Un’altra interpretazione molto popolare – e anche sbagliata – del SPF è qualcosa del genere: Una volta che si supera l’SPF, il numero non fa molta differenza. Questo mito è sul New York Times e Consumer Reports, su Gizmodo e sul sito dell’Encyclopædia Britannica, e in articoli scientifici peer-reviewed scritti da dermatologi praticanti. E il ragionamento di tutti è molto simile. È in gran parte basato su una tabella che mostra quale percentuale di luce UV che causa scottature è assorbita da schermi solari di diversi SPF:
Le persone ben intenzionate guardano la tabella di cui sopra e scrivono frasi come queste:
Un SPF di 15 blocca circa il 93% della radiazione UVB, mentre un SPF di 30 blocca il 97% della radiazione UV. Questo è solo un 4 per cento di differenza …
Questo è più sbagliato del polpettone in un clambake.
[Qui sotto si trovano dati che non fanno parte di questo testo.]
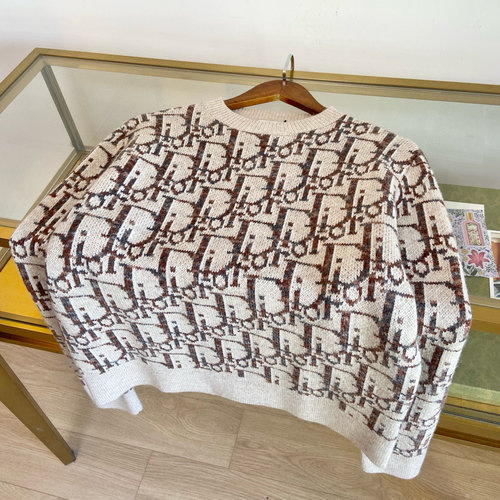 Dior Classic Oblique Print Knit Pullover with Ribbed Trim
Per capire perché, lasciatemi provare a vendervi un paio di “giubbotti antiproiettile”. Il giubbotto A ferma il 93% dei proiettili. Il giubbotto B ferma il 97% dei proiettili. Sembra che ci sia solo un 4% di differenza tra i due giubbotti, ma considerate questo: Se qualcuno ti sparasse cento proiettili e tu indossassi il giubbotto B, saresti colpito da tre proiettili. Con il giubbotto A, saresti colpito da sette, più del doppio del giubbotto A. Idem per i fotoni: il numero di fotoni bloccati dalla protezione solare è totalmente irrilevante. Il numero che conta è quanti ne passano.
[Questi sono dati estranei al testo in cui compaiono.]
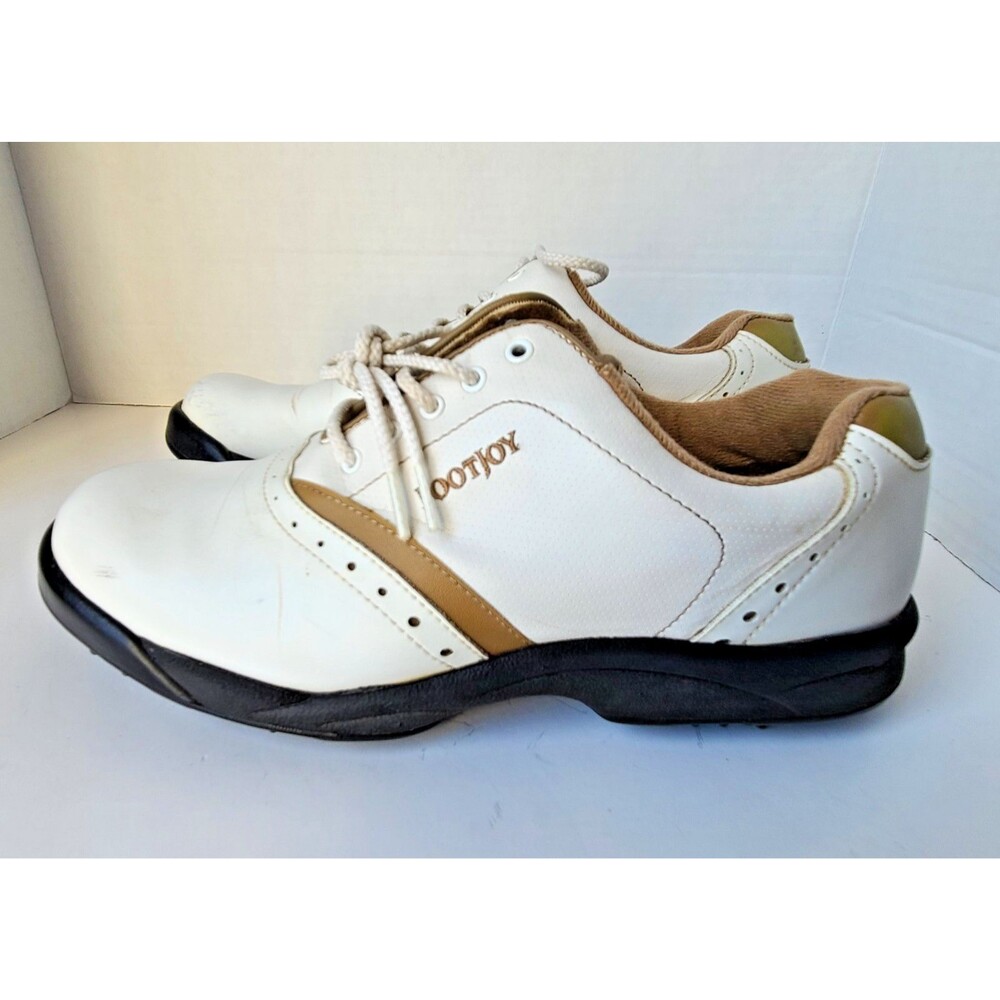 FootJoy Mens 8.5 Wide Golf Shoes White Tan Soft Spike Lace Up FJ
Con questo in mente, aggiungiamo una colonna alla tabella sopra:
Ci siamo. Ora abbiamo un senso molto migliore di come due diversi SPF sono in relazione l’uno con l’altro: si può vedere che SPF 100 assorbe il doppio dei fotoni che causano scottature rispetto a SPF 50, e SPF 30 ne assorbe il doppio di SPF 15 (supponendo che si metta la stessa quantità di protezione solare, naturalmente).
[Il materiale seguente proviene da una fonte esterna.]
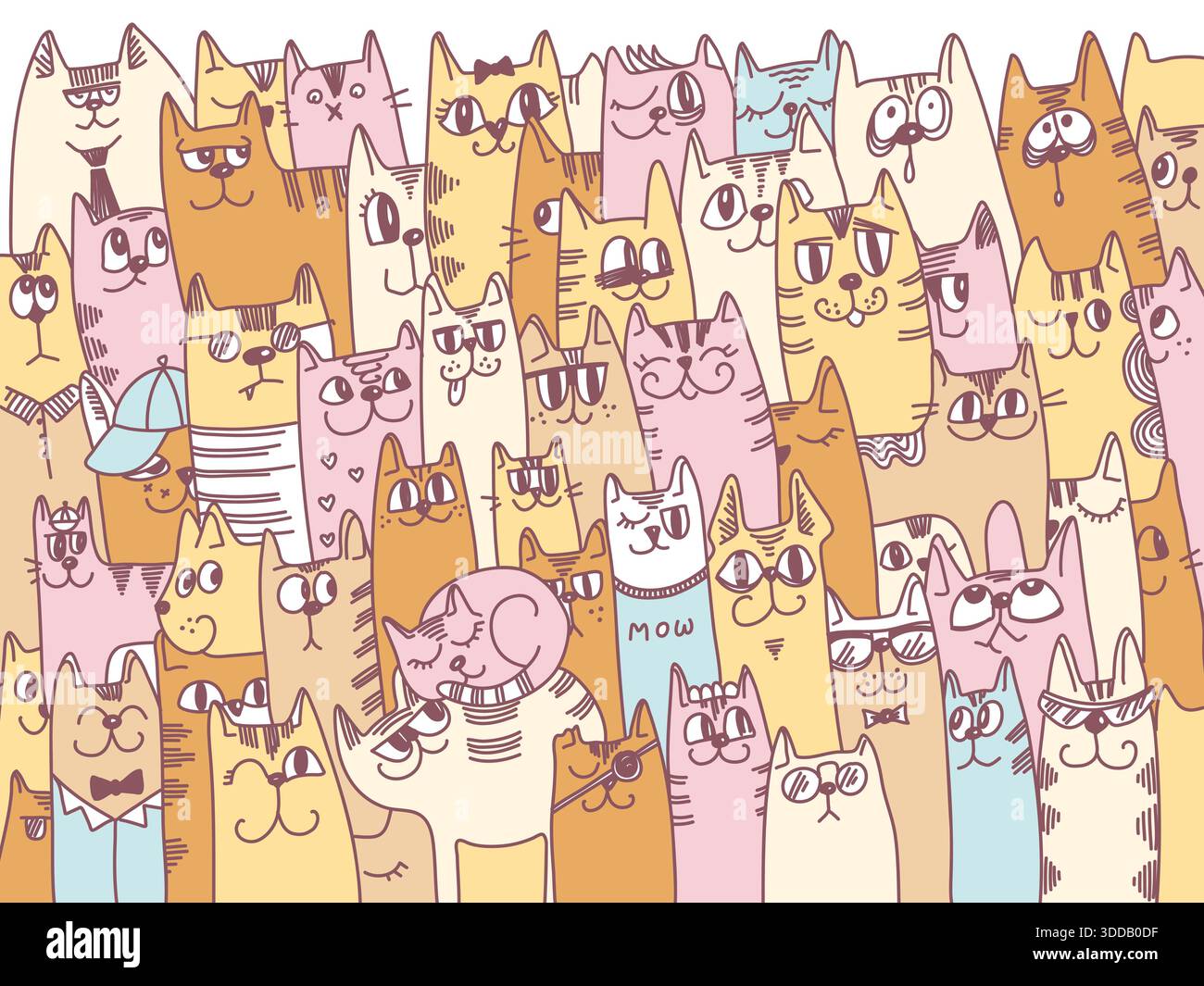 Illustrazione dei colori vettoriali di sfondo dei gatti. Simpatici gatti cartoni animati vettoriali, scarabocchiate disegnate a mano Illustrazione Vettoriale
Quindi si dovrebbe scegliere il più alto SPF disponibile? Alla fine degli anni 2000, i produttori di creme solari la pensavano certamente così: cercavano costantemente di superarsi l’un l’altro producendo schermi solari sempre più alti SPF. Tendo ad andare per il più alto SPF che posso trovare, ma questo non è sicuramente un approccio unico per tutti. Ci sono ragioni legittime per cui si potrebbe non voler usare filtri solari con SPF ultra-alto. Usare una protezione solare con SPF più basso potrebbe essere un buon modo per ingannare psicologicamente se stessi a riapplicare.
Aspetta. Cosa?
La logica va così: se applichi la protezione solare SPF ELEVENTY BILLION, potresti pensare, Oh, questo è sufficiente per tenermi protetto al 100% per tutto il giorno, quindi posso applicarla solo una volta ed è tutto. Sfortunatamente, questo non è vero. Qualsiasi protezione solare – non importa quale SPF – alla fine verrà lavata via da tutte le tue attività in spiaggia, o asciugata, o diluita dal tuo sudore. Quindi, se hai intenzione di passare tutto il giorno al sole,4 devi riapplicarla. Se, tuttavia, stai usando solo SPF 30, potresti non sentirti così protetto, e potresti riapplicarlo costantemente durante il giorno.
4. Che non dovresti. Più su questo presto.
A proposito, potresti aver notato che le etichette della protezione solare ti dicono di “applicare liberamente 15 minuti prima dell’esposizione al sole.”
Perché?
Perché la protezione solare non è una crema idratante. Non vuoi strofinarla sotto lo strato superiore della tua pelle; vuoi che formi una barriera protettiva sopra la tua pelle. Quindi, contrariamente a tutto quello che ti hanno insegnato per tutta la vita, il modo giusto di mettere la protezione solare è di spalmarla molto leggermente sulla superficie della pelle, poi lasciarla asciugare. Mentre si asciuga, si lega allo strato superiore della pelle. Ecco a cosa serve il periodo di attesa di 15 minuti. Se metti la crema solare e poi ti metti subito i vestiti, potresti involontariamente cancellarla prima che abbia la possibilità di legarsi allo strato superiore della pelle.